Emerging Resistance to Empiric Antimicrobial Regimens for Pediatric Bloodstream Infections in Malawi (1998-2017)

Affiliations

Emerging Resistance to Empiric Antimicrobial Regimens for Pediatric Bloodstream Infections in Malawi (1998-2017)

Pui-Ying Iroh Tam et al. Clin Infect Dis. .

Abstract

Background: The adequacy of the World Health Organization's Integrated Management of Childhood Illness (IMCI) antimicrobial guidelines for the treatment of suspected severe bacterial infections is dependent on a low prevalence of antimicrobial resistance (AMR). We describe trends in etiologies and susceptibility patterns of bloodstream infections (BSI) in hospitalized children in Malawi.

Methods: We determined the change in the population-based incidence of BSI in children admitted to Queen Elizabeth Central Hospital, Blantyre, Malawi (1998-2017). AMR profiles were assessed by the disc diffusion method, and trends over time were evaluated.

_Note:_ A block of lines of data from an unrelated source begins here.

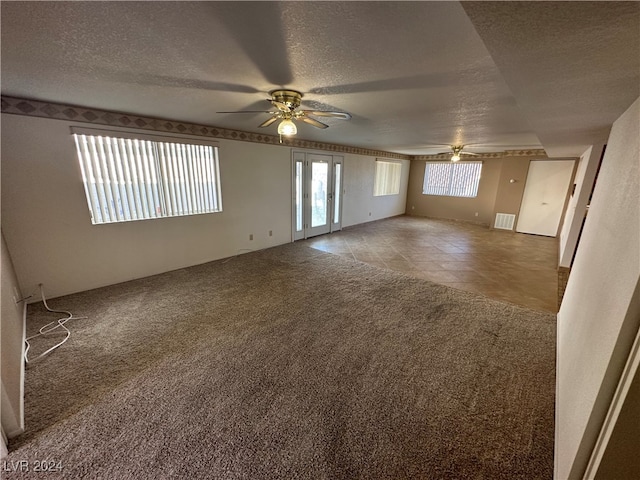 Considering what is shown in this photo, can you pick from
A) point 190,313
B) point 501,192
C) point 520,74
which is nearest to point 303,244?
point 190,313

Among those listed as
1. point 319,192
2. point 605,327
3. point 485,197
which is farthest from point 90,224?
point 485,197

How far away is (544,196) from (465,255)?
3.75m

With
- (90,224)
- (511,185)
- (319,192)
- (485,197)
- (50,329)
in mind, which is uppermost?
(511,185)

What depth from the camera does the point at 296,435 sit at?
1437mm

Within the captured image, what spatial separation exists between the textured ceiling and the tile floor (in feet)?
6.84

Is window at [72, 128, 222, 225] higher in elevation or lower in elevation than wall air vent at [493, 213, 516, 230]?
higher

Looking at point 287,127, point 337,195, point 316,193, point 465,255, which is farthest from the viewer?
point 337,195

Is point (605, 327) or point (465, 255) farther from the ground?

Results: A total 89643 pediatric blood cultures were performed, and 10621 pathogens were included in the analysis. Estimated minimum incidence rates of BSI for those ≤5 years of age fell from a peak of 11.4 per 1000 persons in 2002 to 3.4 per 1000 persons in 2017. Over 2 decades, the resistance of Gram-negative pathogens to all empiric, first-line antimicrobials (ampicillin/penicillin, gentamicin, ceftriaxone) among children ≤5 years increased from 3.4% to 30.2% (P < .001). Among those ≤60 days, AMR to all first-line antimicrobials increased from 7.0% to 67.7% (P < .001). Among children ≤5 years, Klebsiella spp. resistance to all first-line antimicrobial regimens increased from 5.9% to 93.7% (P < .001).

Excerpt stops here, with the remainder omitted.